Baltimore state's attorney candidate Thiru Vignarajah posted a database of police officers' names online Saturday after they were removed from a public website this week.

Vignarajah’s campaign created the database after the Maryland Judiciary removed the names of police officers and other law enforcement authorities from the state’s searchable public online court database, citing safety concerns. Vignarajah, other attorneys and journalists have criticized the removal of the names.

“There’s so much concern about lack of information especially about police right now,” Vignarajah said in an interview Saturday. “This is a time when the community needs more, not less.”

The removal of the officers’ names, which took effect Thursday, follows weeks of troubling testimony on police corruption in the federal trial of two members of Baltimore’s gun trace task force. Eight officers who served on the task force have been convicted of federal racketeering charges, potentially compromising thousands of cases.

Vignarajah has called on the state to reverse the change. “Both law enforcement and public defenders, and elected officials, all were calling to make this information public,” he said.

By publishing the database, he said, he hopes to provide a community resource and increase transparency. The officers’ names are still theoretically available to the public on kiosks at courthouses. But when a reporter attempted to access the information at Baltimore Circuit Court Friday, no kiosk was available, and the computer program in use at the kiosks is not as searchable as the online database.

The Maryland Judiciary Case Search database has provided information about court cases, including information about defendants, the charges they face, the names of prosecutors and defense attorneys, and the names of officers who were involved in the arrest. The website provides access to such information for all counties across the state, including circuit and district court cases. It is used by members of the public, lawyers, journalists and police departments to track cases.

The Vignarajah campaign’s database includes case numbers and indictment dates and the first initial and last names of officers involved in Baltimore Circuit Court cases from 2010 through early July 2017. The campaign said it used the first initial and last name to be “consistent with the original request by police groups” to not use officers’ first names. Case Search had provided the full names of Baltimore police officers. “We thought this was an appropriate balance” between transparency and some law enforcement groups’ concerns, Vignarajah said.

Police in Anne Arundel County lobbied for a change in how officers’ names were displayed in Case Search in 2015. They wanted to replace officers’ first names with first initials. Department officials said Friday that they do not advocate removing officers’ names entirely. “We had officers coming to us saying, ‘Hey, why is our full name coming up in Case Search?’ We brought it to the attention of the clerk’s office,” Anne Arundel County Police union president Cpl. O'Brien Atkinson told The Baltimore Sun. But “at no time did anybody with the [Fraternal Order of Police] or the department lobby or try to have officers’ full names removed.”

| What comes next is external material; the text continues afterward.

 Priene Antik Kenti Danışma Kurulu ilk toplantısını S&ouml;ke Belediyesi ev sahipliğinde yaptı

Vignarajah’s staff created the database last year to analyze sentencing data in firearms cases. Vignarajah published an op-ed in The Sun on the subject in August.

Vignarajah, who has served as Maryland deputy attorney general, is now challenging Baltimore State’s Attorney Marilyn J. Mosby to be the city’s top prosecutor. Vignarajah criticized Mosby’s “lack of attention” to the change. “It is troubling that either the state’s attorney’s office didn’t know this was happening… or [Mosby] was aware and did nothing to try and stop it,” he said. He said Mosby’s office had direct access to the case information.

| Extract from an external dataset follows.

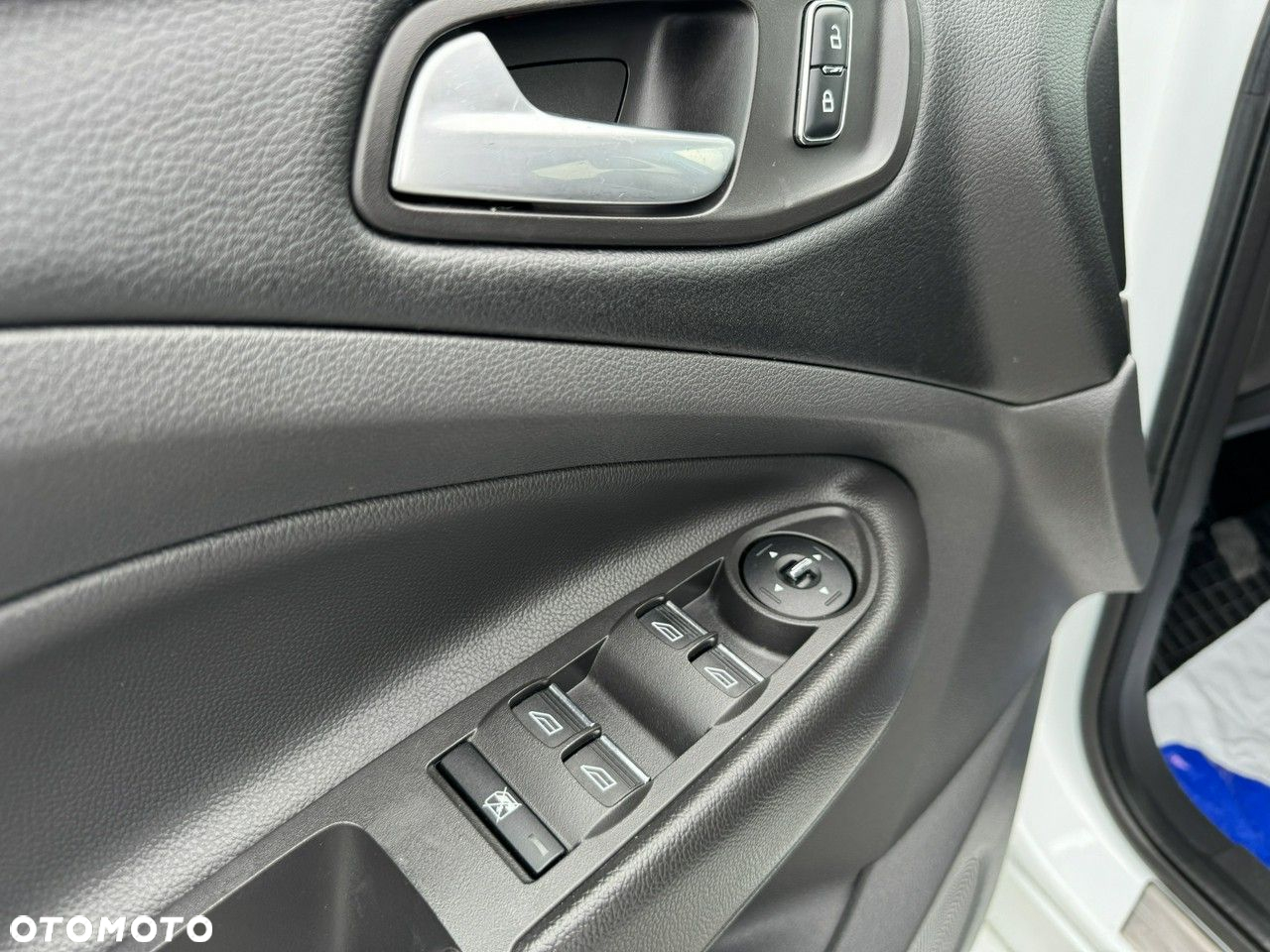 Ford Kuga 2.0 TDCi Titanium - 16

In a statement Saturday, Mosby said her office is the only one in the state to post decisions about when prosecutors charge officers in use-of-force incidents. She pointed to a Court Watch database for residents to follow “pertinent cases that impact their respective neighborhoods and “an exhaustive annual report” of her office’s work.

“Criminal justice reform has been the hallmark of this administration and our record of transparency, applying justice fairly and equally, and progressive prosecution speaks for itself,” she said.